To determine what threshold to use for the similarity scores we calculated the similarity scores fore the first 85 links extracted from the 10 seeds. Of those 85 links, 35 had a similarity score above 0.5 and 48 had scores above 0.4. The decision was made to go with a threshold of 0.5 in order to increase precision; however if we went with 0.4 we would have increased recall. These similarity scores can be found in output/sim.csv
After manually looking at the first 30 texts collected by the crawler 23/30 were about the chosen topic Marvel Comics, giving a procession of 0.77. A detailed analysis of the first 30 texts can be found in output/first_30_texts.csv
Other Stats:
after traversing the seed links, 2699 URLS had been added to the queue
after retrieving 1000 texts with similarity scores > the threshold, 8050 links has been traversed and there were 1,086,009 links remaining in the queue.
The SimularityModule class can be used to maintain a collection of topic texts and calculate the similarity of a given string against the collection.
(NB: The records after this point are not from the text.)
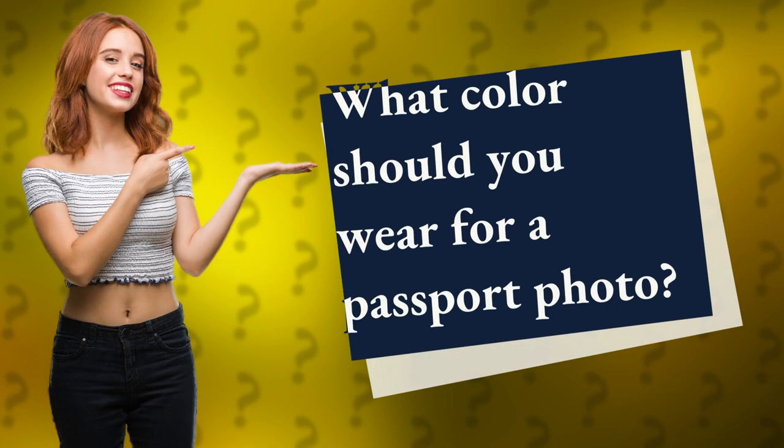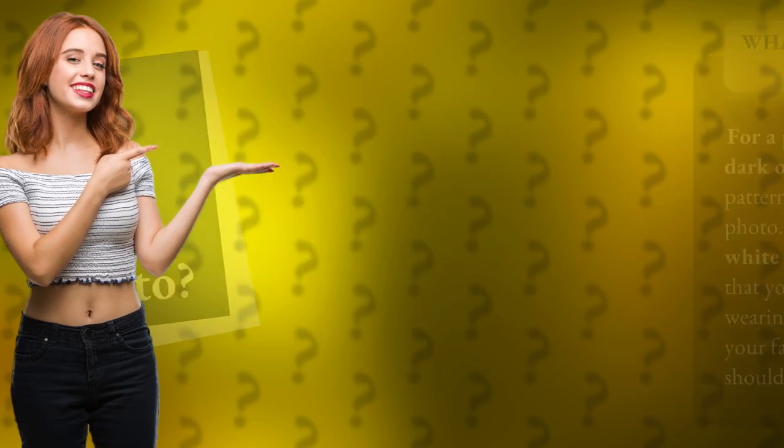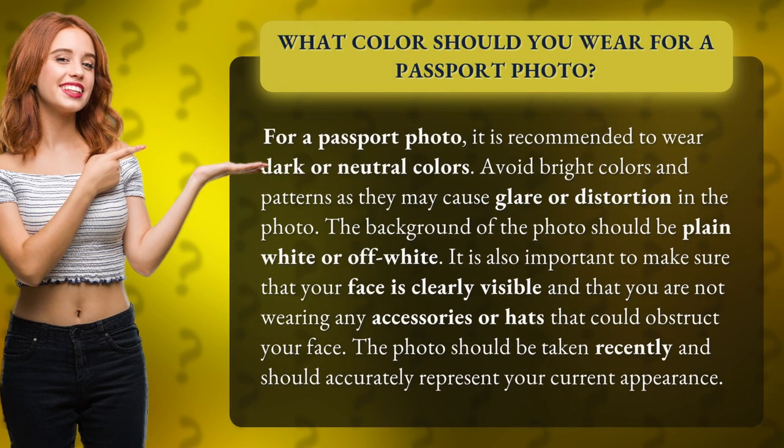What color should you wear for a passport photo? For a passport photo, it is recommended to wear dark or neutral colors. Avoid bright colors and patterns as they may cause glare or distortion in the photo.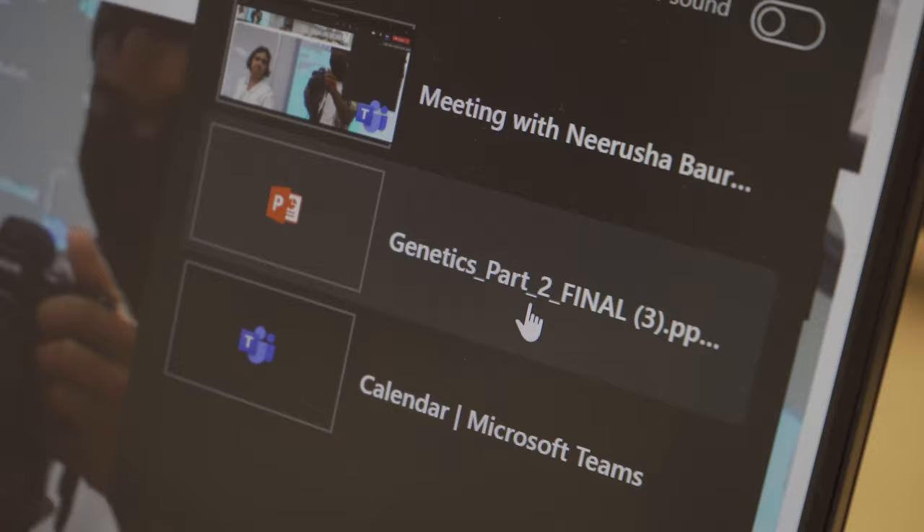Thank you for watching this short demo. If you have any questions, please contact SAI.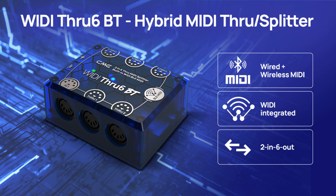Features: 2 in 6 out MIDI through/split, high-precision 32-bit processor, high-speed optocoupler, and Widey technology integrated. Price: $69.99 USD.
When initialized, the collection is empty; as such a similarity score of 0.0 will always be returned.
add_topic_texts(texts) - Adds "texts" to the collection of topic texts. Stop Words are removed from "texts" and it is downsized before being added to the collection.
calculate_similarity(text) - Calculates the similarity score between the current collection of topic texts and "text". Stop Words are removed from "text" and it is downsized before the calculation. The "Strike a Match" algorithm proposed by Simon White of Catalysoft is used for calculating the similarity score.
The full list of stop words considered can be found in common-english-words.txt under the resources directory.
Robotstxt is a robots.txt parser written in Ruby. The source code can be found on Github.
Basic Usage:
Robotstxt.allowed?(url, robot_id)
Where url is the url you want to crawl and robot_id is the user-agent for your crawler. Robotstxt will return true if you are allowed to crawl the URL and false otherwise.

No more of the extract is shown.